Melihat kasus penimbunan barang berupa obat dan alkes, meski perbuatan tersebut dilakukan oleh pengurus, namun tidak menutup kemungkinan perbuatan pengurus itu atas perintah pemegang saham, sebagaimana pernah terjadi dalam beberapa kasus perbankan dan pembakaran lahan di Tanah Air.

Menurutnya, karena pihak yang paling diuntungkan terhadap laba korporasi adalah pemegang saham, maka ada baiknya Polri tidak hanya menyidik pengurus namun juga pemegang saham.

Meminta pertanggungjawaban pidana pemegang saham, juga diatur dalam Pasal 3 Ayat (2) UU No 40 Tahun 2007, dengan dimasukkannya doktrin piercing the corporate veil.
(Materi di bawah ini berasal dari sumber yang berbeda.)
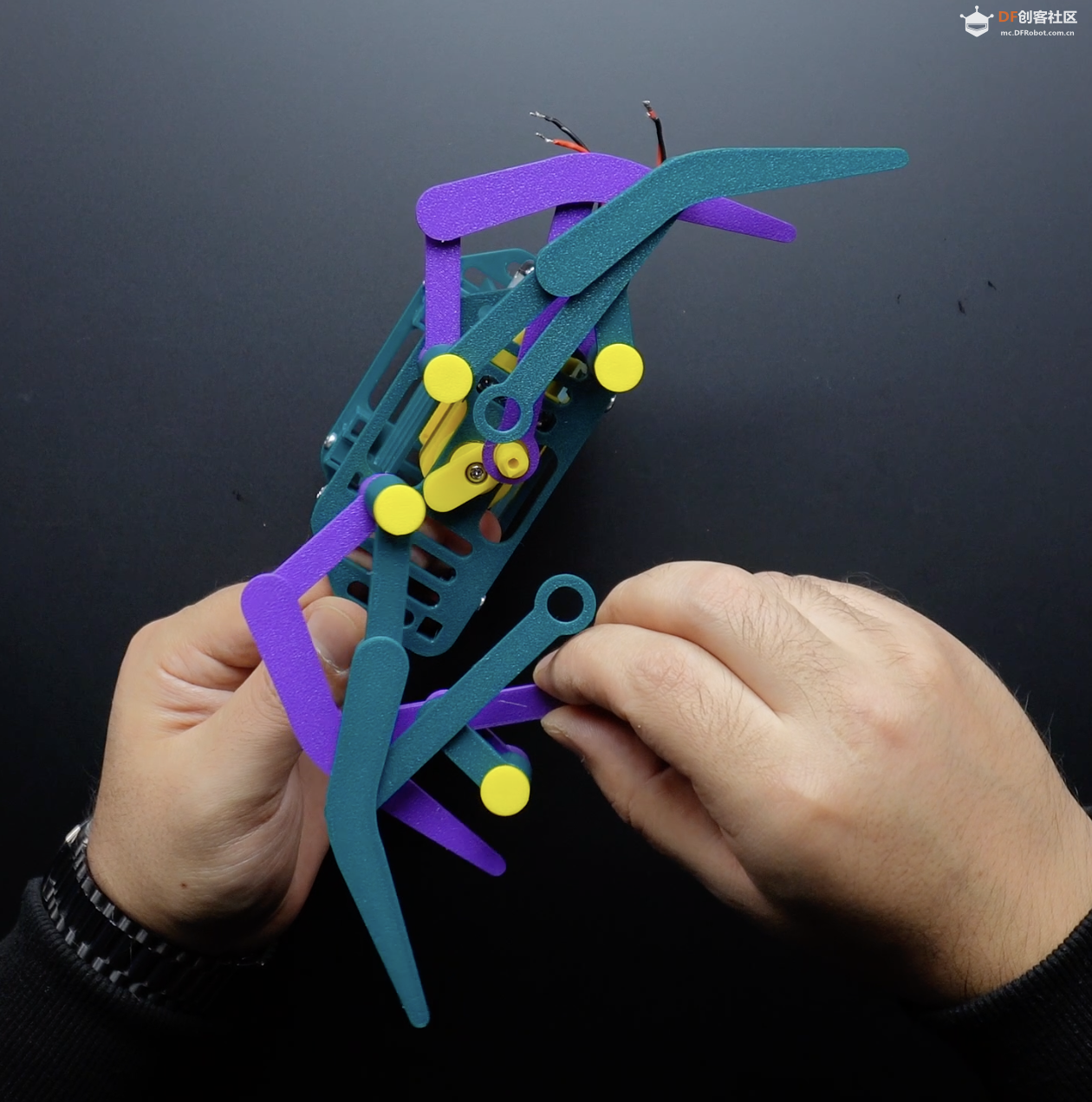 【Arduino 动手做】令人惊叹的 Octopod 风格的八足机器人图4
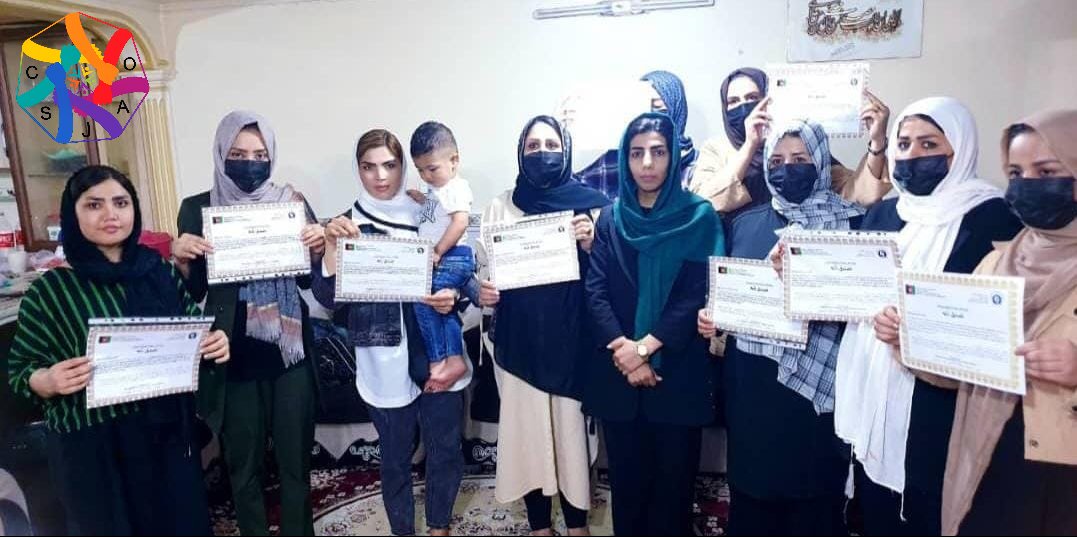 OCsjao30130's tweet photo. شبکه زنان جمهوری‌خواه افغانستان ؛محرومیت دختران از کانکور، نقض نظام‌مند حق آموزش است

شبکه زنان جمهوری‌خواه افغانستان هم‌زمان با اعلام نتایج کانکور، با نشر اعلامیه‌ای ادامه محرومیت دختران از شرکت در این آزمون ملی را «نقض نظام‌مند حق آموزش» خوانده و آن 
https://t.co/mePj2eWsY8 https://t.co/I4hd3DgXRG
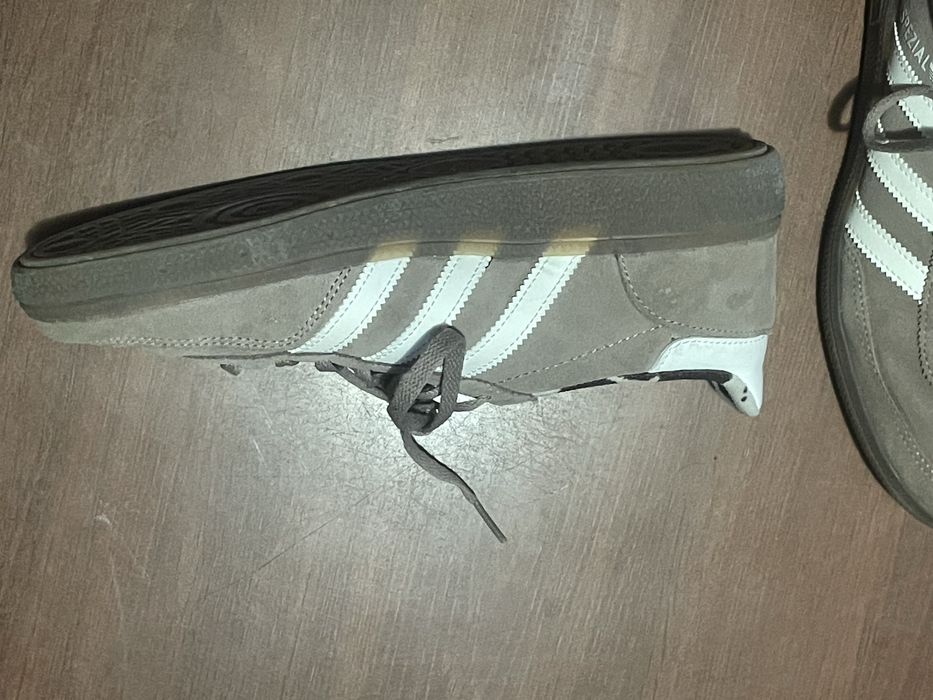 Se vinde adidașii aceștia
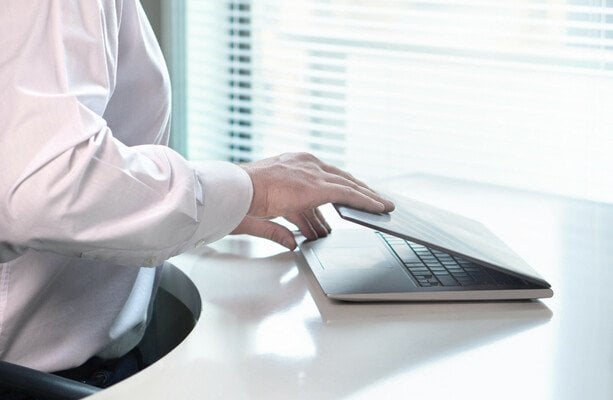 もっと休みますか？ TDSは、2つの余分な銀行休業日を付与する法律を提案しています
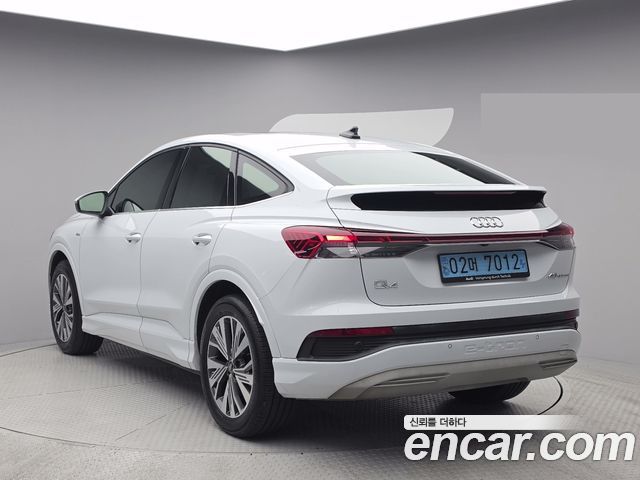 Audi Q4 e-tron (F4) 40 Sportback 2023 — фото 4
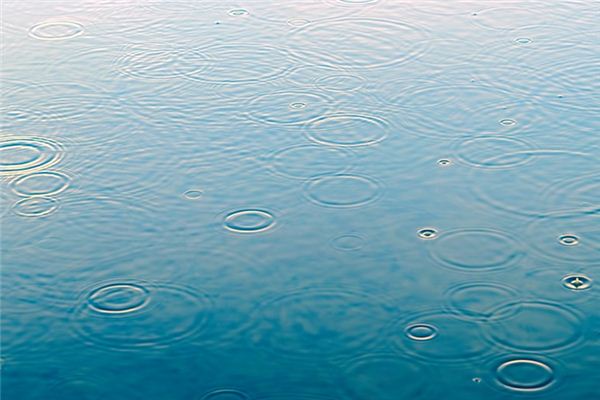 梦见春雨是什么意思 梦见春雨是什么意思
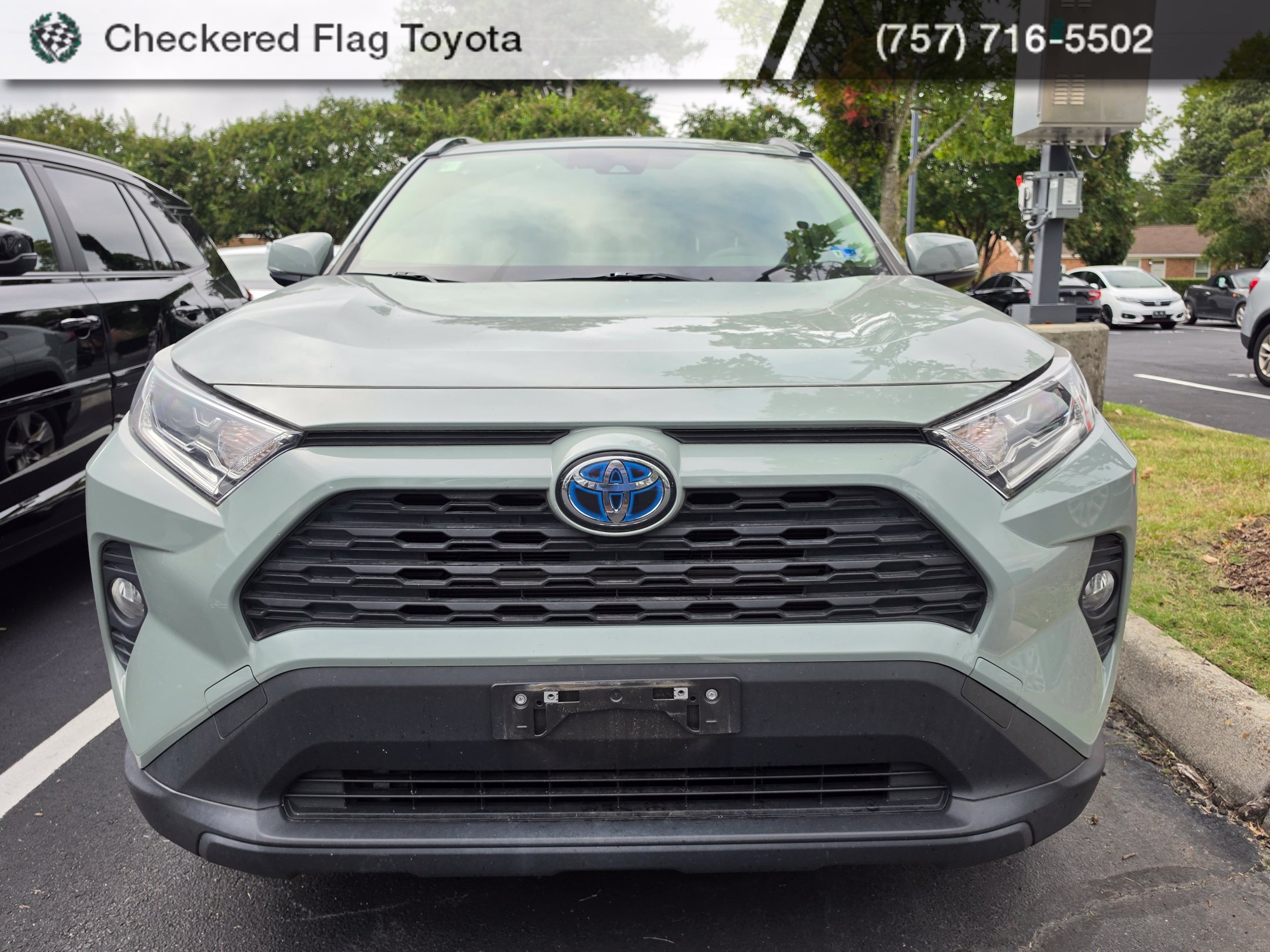 Used 2021 Toyota RAV4 XLE w/ Convenience Package AWD/4WD image 2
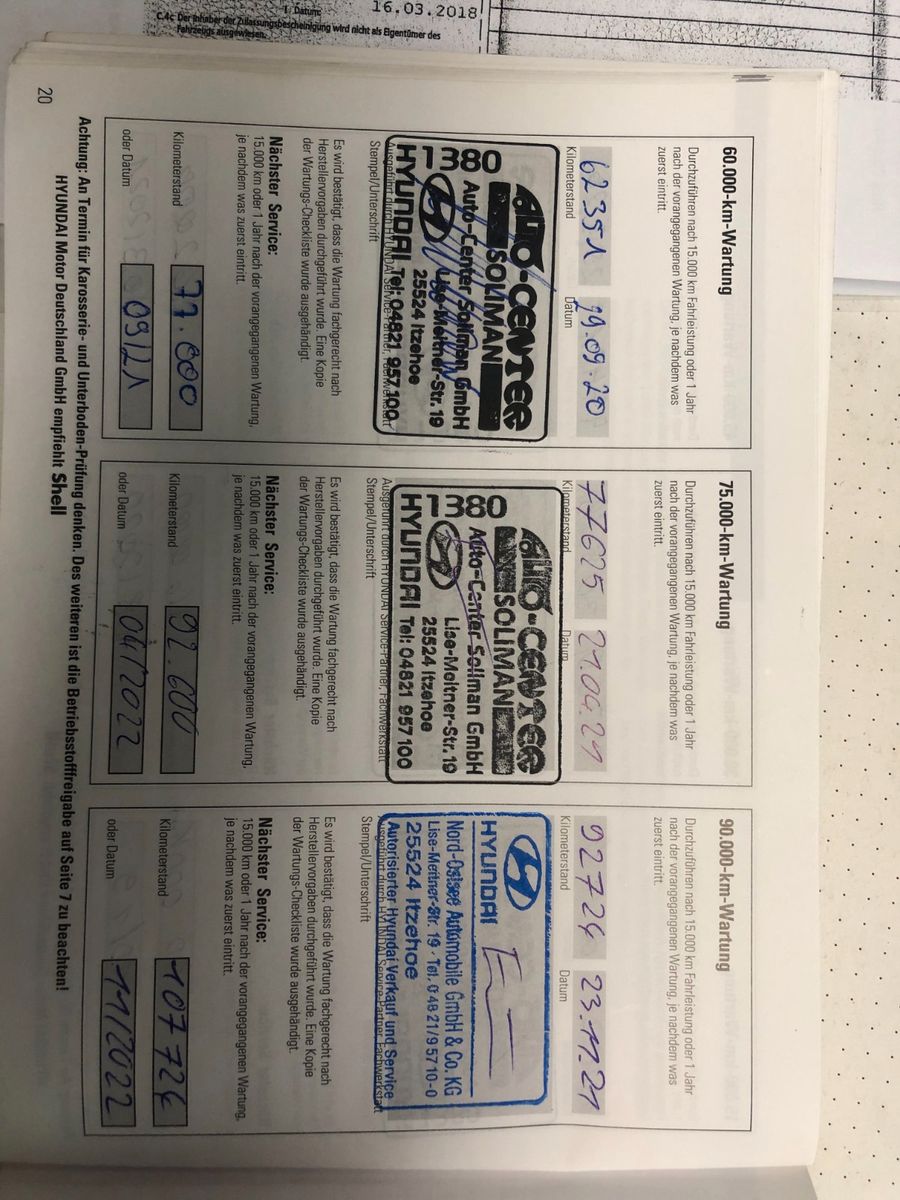 Fahrzeugabbildung Hyundai i30 cw Trend Heckschaden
Diadopsinya doktrin piercing the corporate veil dan dengan pendekatan hukum menggunakan doktrin alter ego memberi peluang pemegang saham yang melakukan penimbunan barang dan alat kesehatan yang melampaui kewenangannya (ultra vires) dan menggunakan korporasi untuk melakukan tindak pidana, dapat dimintai pertanggungjawaban.

"Terhadap kasus penimbunan barang dan alat kesehatan, maka perlu diterapkan sanksi hukum maksimal, karena kejahatan tersebut bisa membahayakan keselamatan negara," ujarnya.

Sedangkan korporasi atau digunakan pemegang saham untuk melakukan tindak pidana, menurut Ari, korporasi tersebu perlu dipidana dengan pidana pokok berupa denda, pidana tambahan berupa kewajiban menyerahkan seluruh keuntungan yang diperoleh selama masa korporasi tersebut melakukan tindak pidana.

Sanksi pidana tambahan juga bisa berupa menyita seluruh aset korporasi untuk negara, dan terhadap korporasi penimbun barang dan alat kesehatan dilarang melakukan kegiatan tertentu, baik sementara maupun selamanya.

"Terhadap pemegang saham, selain pidana kurungan dan denda, dapat dijatuhkan pidana tambahan berupa larangan (selamanya atau dalam jangka waktu tertentu) menjadi pemegang saham di korporasi lain," kata Ari.